:: Records supplied ::

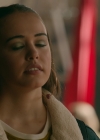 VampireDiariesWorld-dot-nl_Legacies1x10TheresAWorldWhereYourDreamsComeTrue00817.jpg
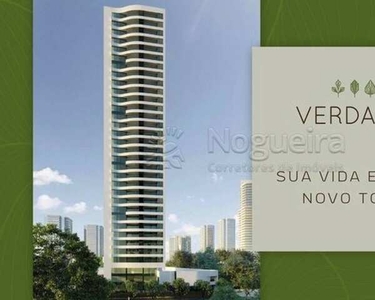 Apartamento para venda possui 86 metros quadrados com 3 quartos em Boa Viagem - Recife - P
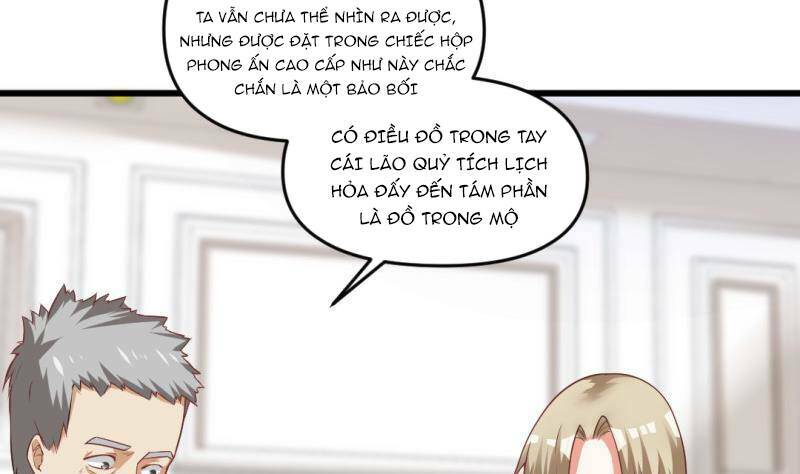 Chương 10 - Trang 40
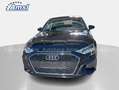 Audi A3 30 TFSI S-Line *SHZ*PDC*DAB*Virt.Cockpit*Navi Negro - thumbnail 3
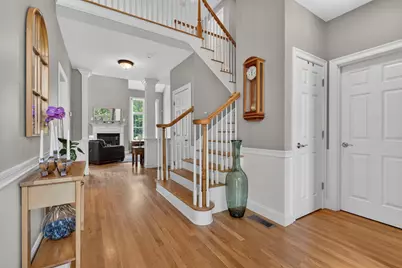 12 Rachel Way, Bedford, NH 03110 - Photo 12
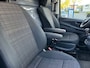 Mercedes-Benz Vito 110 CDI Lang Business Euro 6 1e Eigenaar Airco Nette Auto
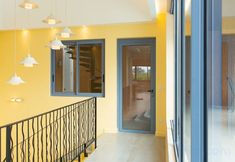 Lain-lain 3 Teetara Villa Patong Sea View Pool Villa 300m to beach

:::
:: Records supplied ::

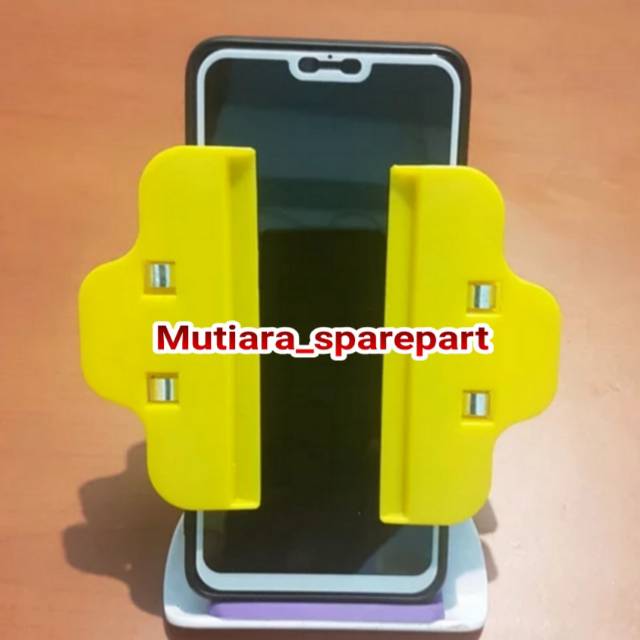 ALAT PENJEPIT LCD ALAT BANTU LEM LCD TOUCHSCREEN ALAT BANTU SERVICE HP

:::

In the listing above, find the line with "Audi A3 30 TFSI" and the line with "Lain-lain 3 Teetara". Copy exactly those lines and all between them, minus the images.

 Audi A3 30 TFSI S-Line *SHZ*PDC*DAB*Virt.Cockpit*Navi Negro - thumbnail 3
 12 Rachel Way, Bedford, NH 03110 - Photo 12
 Mercedes-Benz Vito 110 CDI Lang Business Euro 6 1e Eigenaar Airco Nette Auto
 Lain-lain 3 Teetara Villa Patong Sea View Pool Villa 300m to beach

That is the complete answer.